What happens when biodiversity is lost? Rats, pigeons move in, study shows
Biodiversity plays a crucial role in our day-to-day life, from improved water and soil quality, waste decomposition from microbes and, in general, having a healthy ecosystem teeming with a wide variety of flora and fauna.
But what happens when that biodiversity takes a hit as humans modify natural habitats?
A new study shows it goes to the rats. And those pesky pigeons, among others.
According to the study published by PLOS Biology, as species that are unique to particular ecosystems vanish, the more common — and mostly undesireable ones — move in.
The study used data from 81 countries around the world that was provided by more than 500 researchers.
"We show around the world that when humans modify habitats, these unique species are consistently lost and are replaced by species that are found everywhere, such as pigeons in cities and rats in farmland," said Tim Newbold, a research fellow at University College London.
Why the shift?
The less common flora and fauna can only survive in certain habitats, while rats and pigeons are far less picky.
While some might find New York City's Pizza Rat amusing, how many cities really want to legitimately vie for the title of "Rat Capital" of the U.S.? Yes, we're talking to you, Chicago.
Biodiversity and conservation efforts have many benefits, but the rat factor alone should get you on board. That's because once they settle in, it's very difficult to get rid of them.

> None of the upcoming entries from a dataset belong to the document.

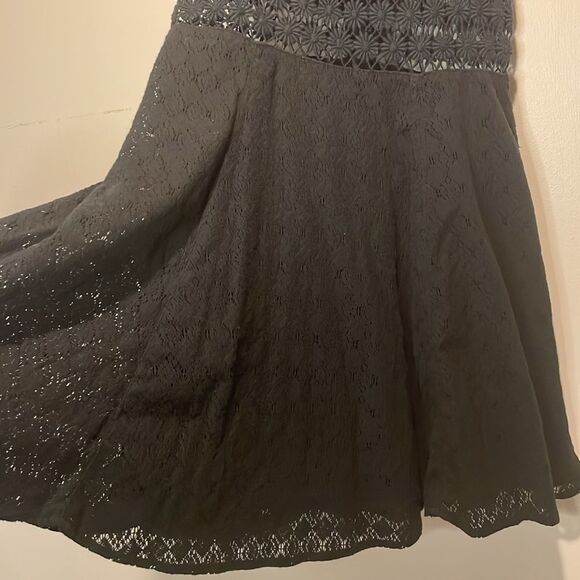 Free People- Black Lace Crochet Daisy Cutout Mini Sleeveless Skater Dress Size 4 - Picture 8 of 13
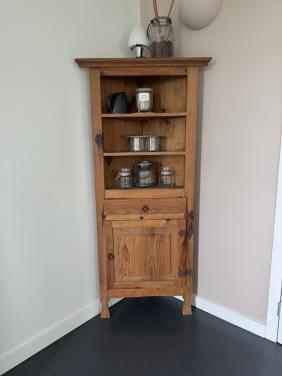 Massief houten hoekkast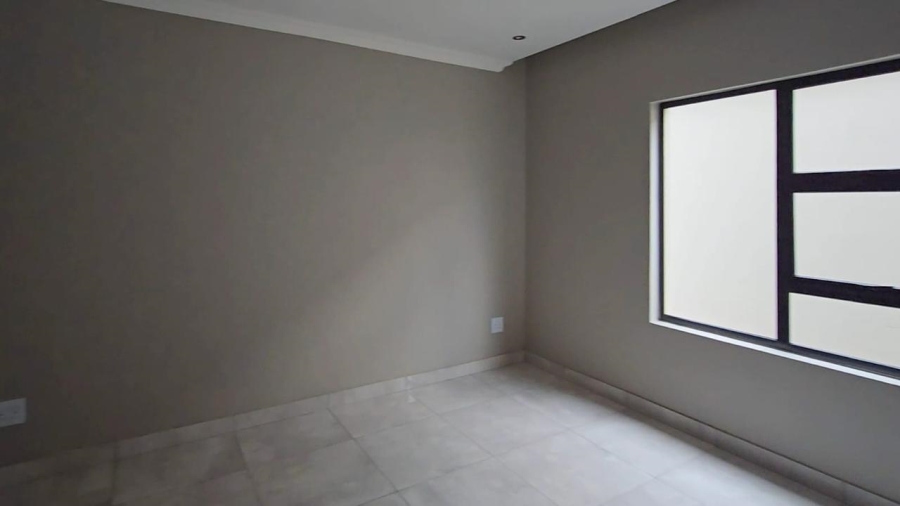 4 Bedroom Property for Sale in Zambezi Manor Lifestyle Estate Gauteng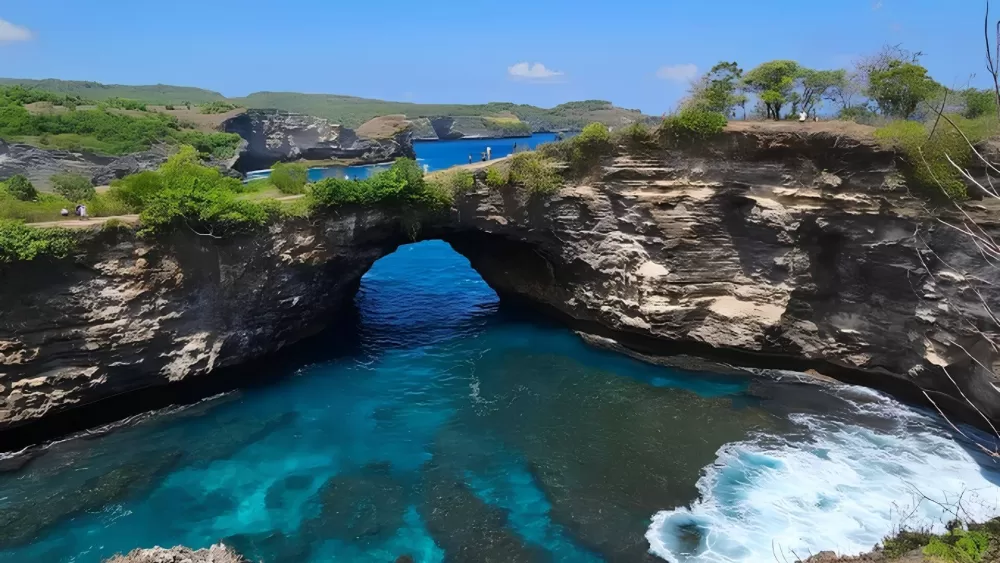 Broken beach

Not only can one mating pair can be responsible for up to 2,000 descendents per year, a rat also can survive a 50-foot fall as well as being flushed down the toilet. And then there's the range of diseases they transmit, such as viral hemorrhagic fever, plague, Weil's disease, and Q fever.
"Diversity of life provides resilience to change, and so it is very much in our own best interests to conserve a wide range of species," study co-author Samantha Hill said.